Speech, Music, and Noise Classification Using ECAPA-TDNN Embeddings

🧠 Overview

This model classifies short audio clips into Speech, Music, or Noise domains.
It uses ECAPA-TDNN embeddings, a neural architecture optimized for speaker and acoustic feature representation.

Despite being trained on a small, human-curated dataset (5 samples per class), the model demonstrates high robustness and near-perfect classification.
This project serves as a proof-of-concept highlighting how ECAPA embeddings can generalize even in limited-data scenarios.

📦 Model Information

Architecture: ECAPA-TDNN
Framework: PyTorch (SpeechBrain-based)
Input: Mono audio waveform (16 kHz sampling rate)
Output Classes: Speech | Music | Noise
Training Data: 15 samples (5 per class), normalized and balanced
Accuracy: 100% on internal validation (small-scale)
Author: Khubaib Ahmad — AI/ML Engineer, Data Scientist

⚙️ Methodology

Extract ECAPA-TDNN embeddings for all samples using SpeechBrain.
Train a simple classifier (e.g., linear or small dense network) on embeddings.
Validate predictions using held-out data.
Export trained model weights as .pkl file.

🚀 Usage Example

from speechbrain.pretrained import EncoderClassifier
import torch

# Load model
model = torch.load("ECAPA_acoustic_domain_classifier.pkl", map_location="cpu")

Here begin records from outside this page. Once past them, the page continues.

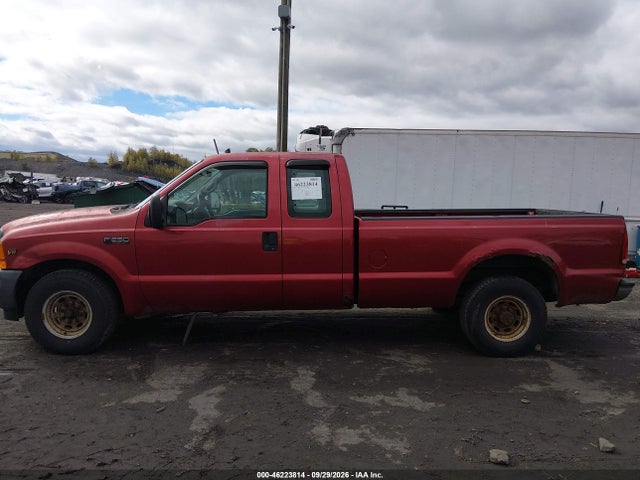 2001 Ford F-250 Lariat/xl/xlt მანქანა იყიდება აუქციონზე, vin: 1FTNX20LX1ED37741, აუქციონის ნომერი: 46223814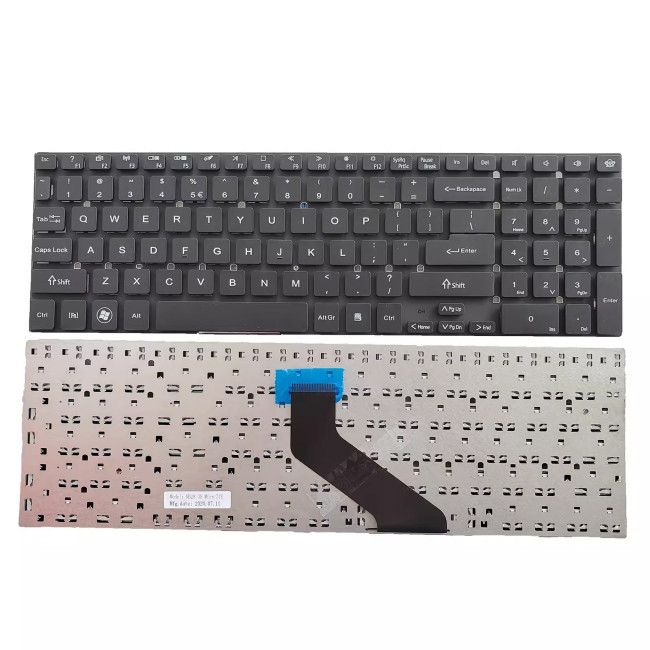 Gateway ID57H NV52L NV55 NV55S NV56R NV57H NV75S US keyboard - main product image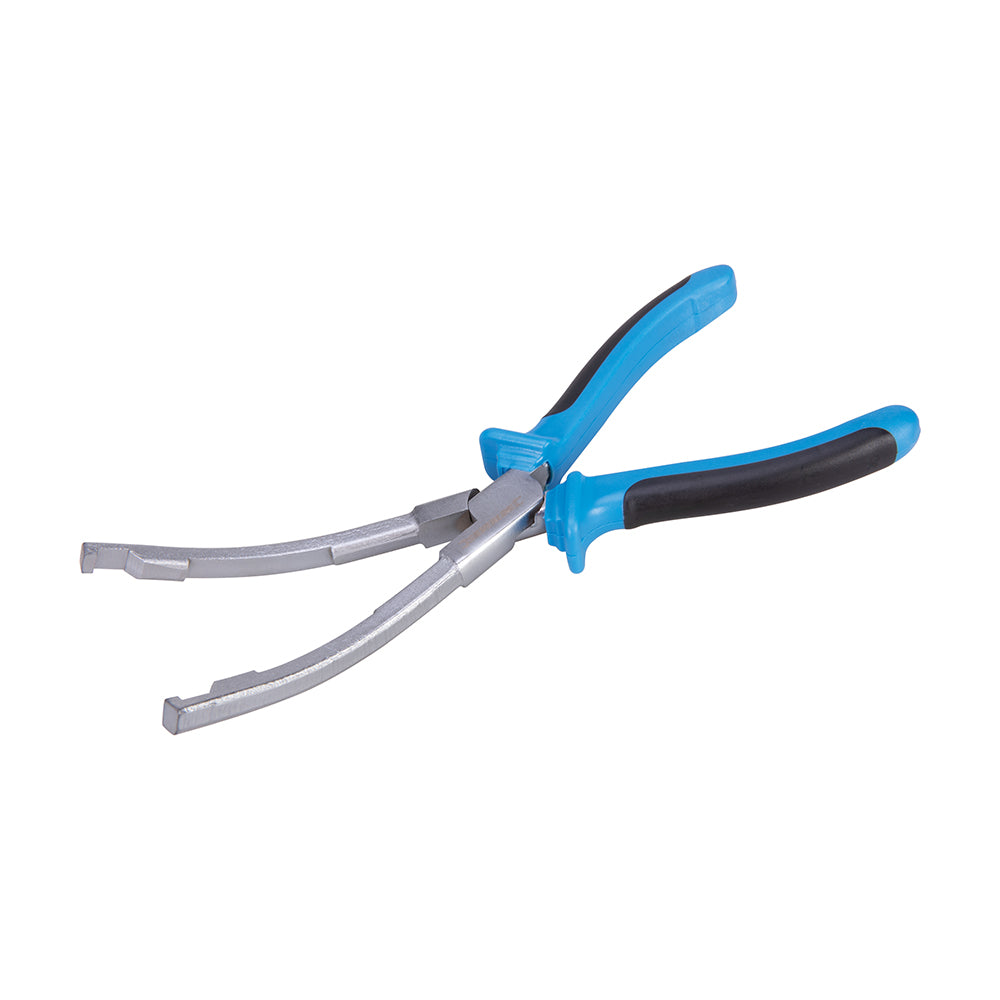 silverline_581973_glow_plug_connector_pliers_200mm_bent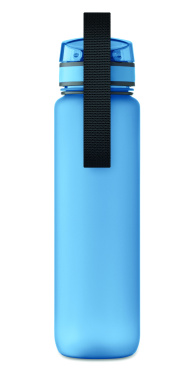Лого трейд pекламные cувениры фото: Sports water bottle RPET 1L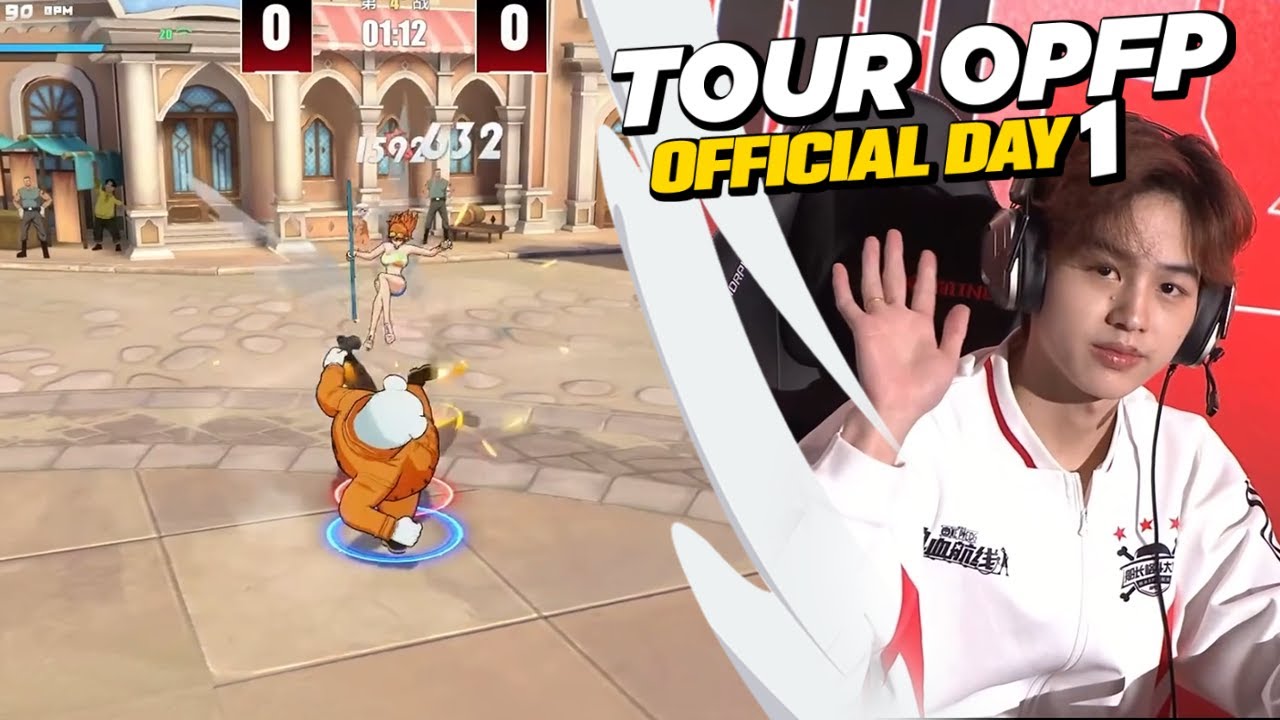 ALL MATCH DAY 1 NEW WORLD CHARACTER UNLOCK [ BIG TOUR OFFICIAL ] One Piece Fighting Path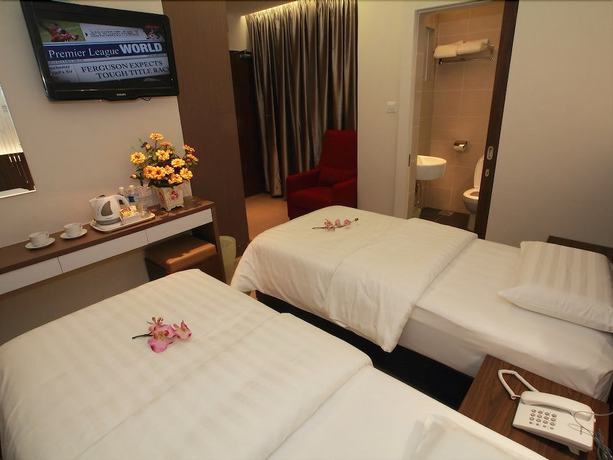 Imagen de la habitación del Hotel Tai Ichi. Foto 8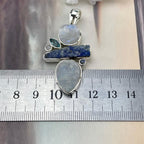 High Vibration Crystal Pendant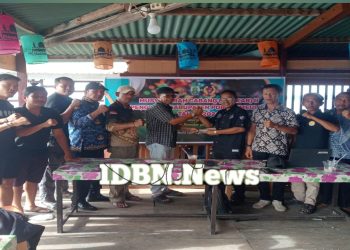 Lewat Aklamasi, Adi Chandra Resmi Pimpin POBSI Simeulue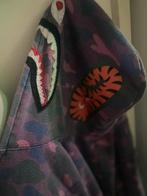 Bape Hoodie Paars - Maat XL, Kleding | Heren, Ophalen of Verzenden, Maat 56/58 (XL), Paars
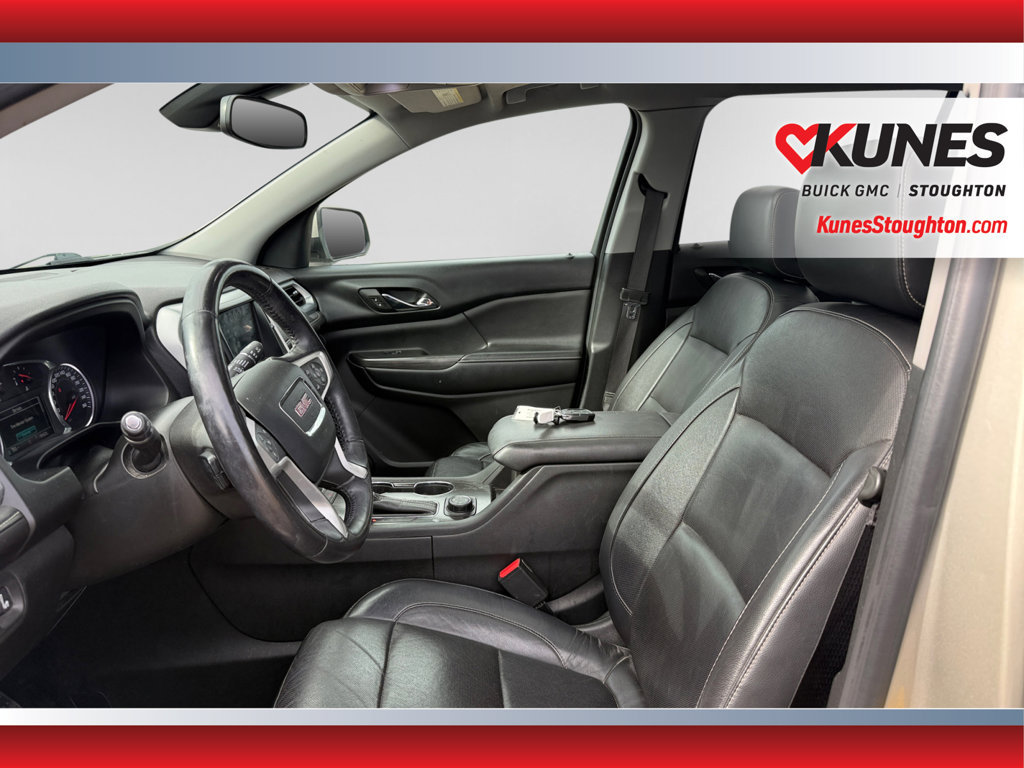 Used 2017 GMC Acadia SLT AWD/4WD image 20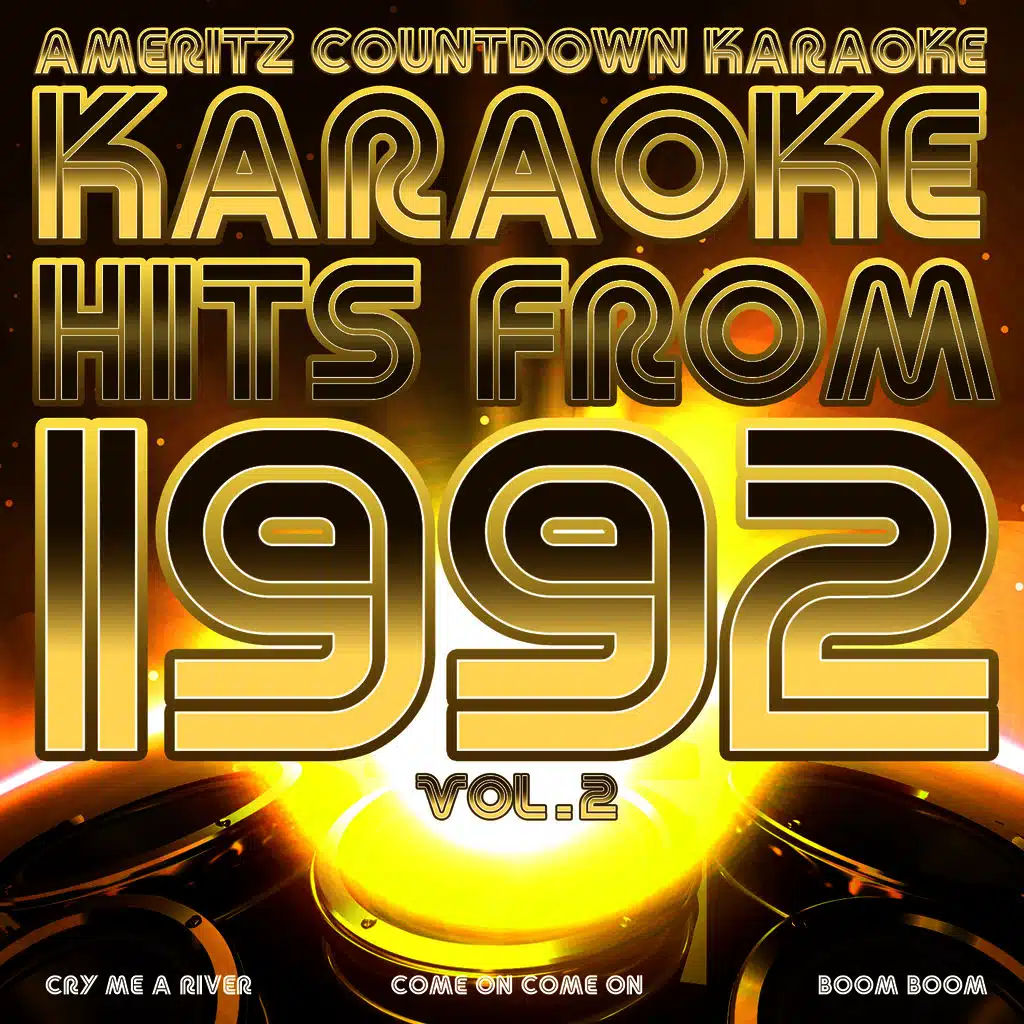 Cry Me a River (In the Style of Natalie Cole) [Karaoke Version]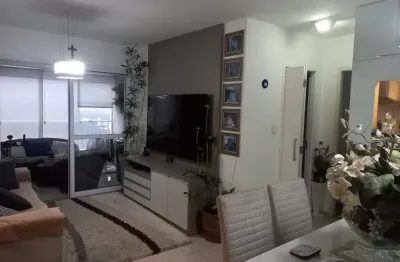 Lindo apartamento condominio class guarulhos -74 m2 - porteira fechada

# Example inference (pseudo code)
audio_tensor = load_audio("sample.wav")  # your function to load audio as torch tensor
embedding = model.encode_batch(audio_tensor)
prediction = model.classify(embedding)
print(prediction)  # -> "speech", "music", or "noise"

📂 File Information

File	Description
`ECAPA_acoustic_domain_classifier.pkl`	Trained model weights
`requirements.txt`	Dependencies for inference
`README.md`	Model documentation
`example_audio.mp3`	Sample audio file

📊 Applications

Acoustic scene classification
Pre-filtering for speech recognition pipelines
Smart audio event detection
Sound domain separation tasks

🔖 Suggested Citation

Muhammad Khubaib Ahmad (2025). ECAPA Acoustic Domain Classifier: Differentiating Speech, Music, and Noise using ECAPA-TDNN Embeddings. Hugging Face.

🧾 License

MIT License — free for research and educational use.